■ **SUPPLIED MATERIAL**
_ _ _ _ _ _ _
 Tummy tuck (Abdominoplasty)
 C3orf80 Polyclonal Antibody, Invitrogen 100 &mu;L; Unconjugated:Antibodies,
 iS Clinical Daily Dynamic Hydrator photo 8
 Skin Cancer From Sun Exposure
_ _ _ _ _ _ _
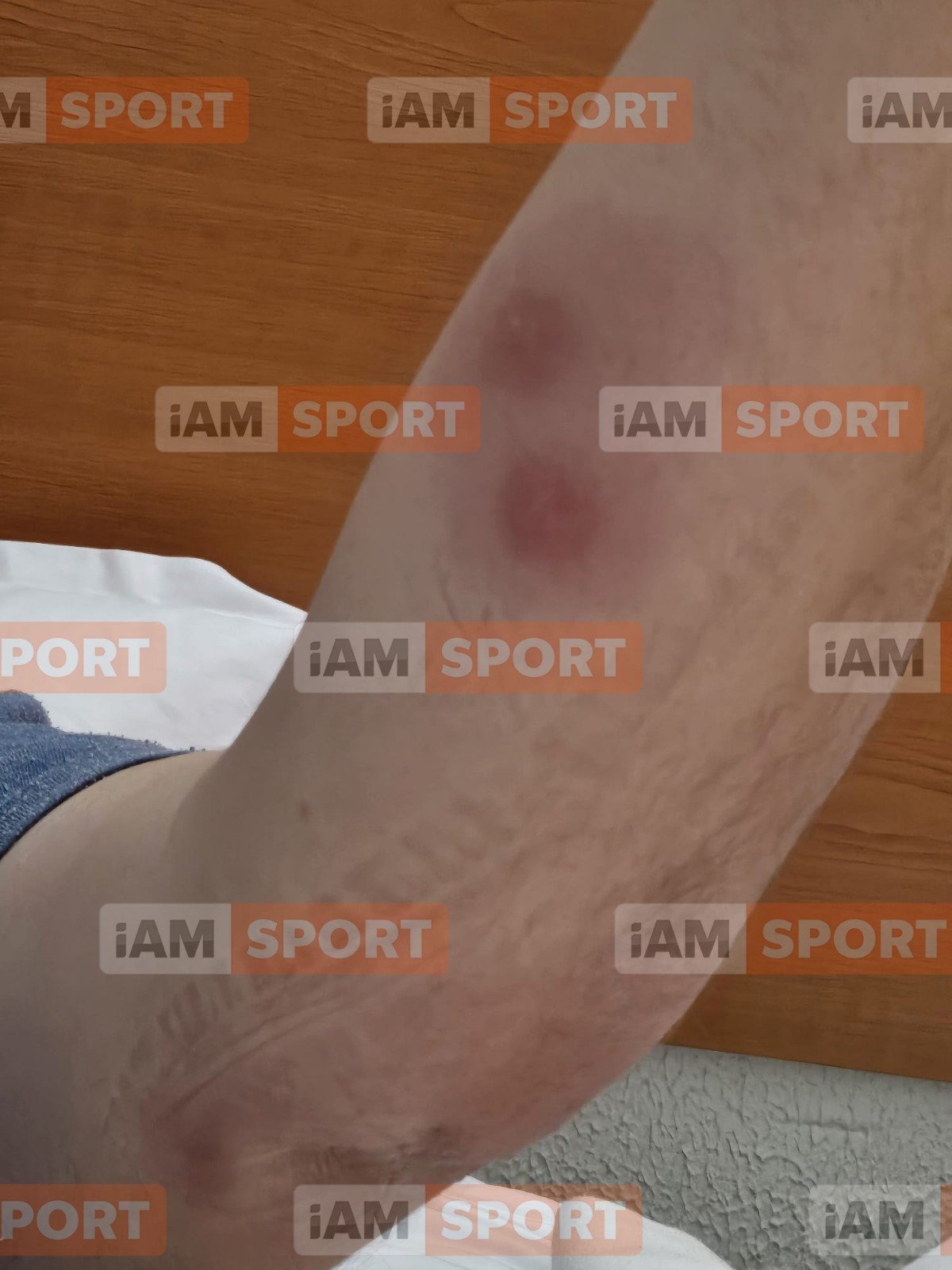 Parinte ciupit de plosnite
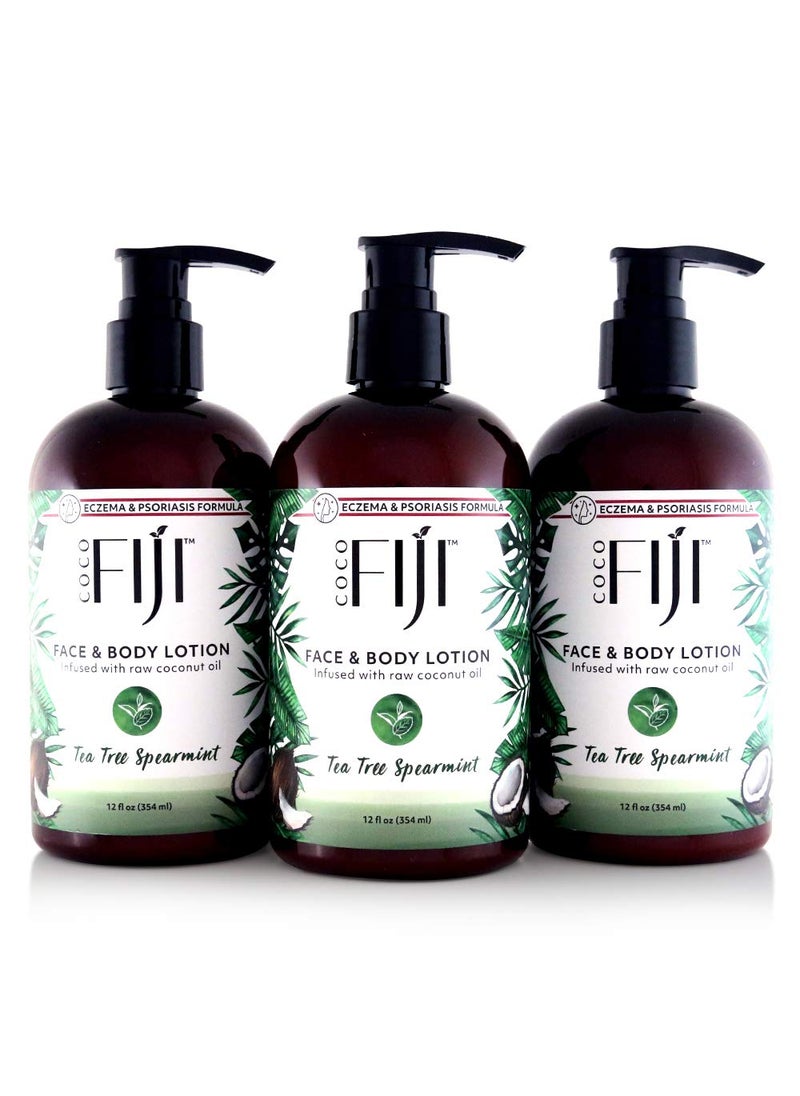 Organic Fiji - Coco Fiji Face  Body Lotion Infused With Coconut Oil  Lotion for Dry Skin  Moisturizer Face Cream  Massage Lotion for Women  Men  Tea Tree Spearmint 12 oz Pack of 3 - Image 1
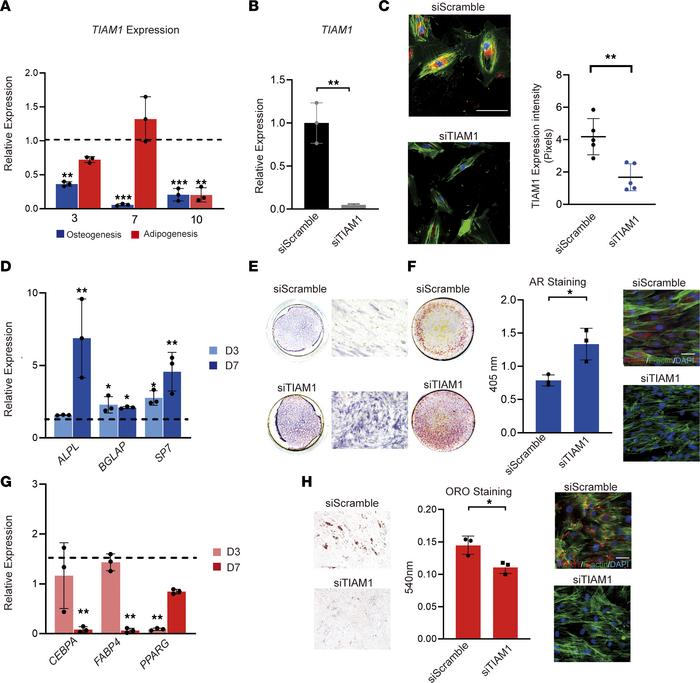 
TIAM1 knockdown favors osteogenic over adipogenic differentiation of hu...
_ _ _ _ _ _ _
■ **TASK TO CARRY OUT**
Please transcribe only the lines in the records above running from the line that has "Tummy tuck (Abdominoplasty)" through the line that has "Skin Cancer From Sun Exposure", both included, exactly as they appear.

■ **COMPLETED EXERCISE**
 Tummy tuck (Abdominoplasty)
 C3orf80 Polyclonal Antibody, Invitrogen 100 &mu;L; Unconjugated:Antibodies,
 iS Clinical Daily Dynamic Hydrator photo 8
 Skin Cancer From Sun Exposure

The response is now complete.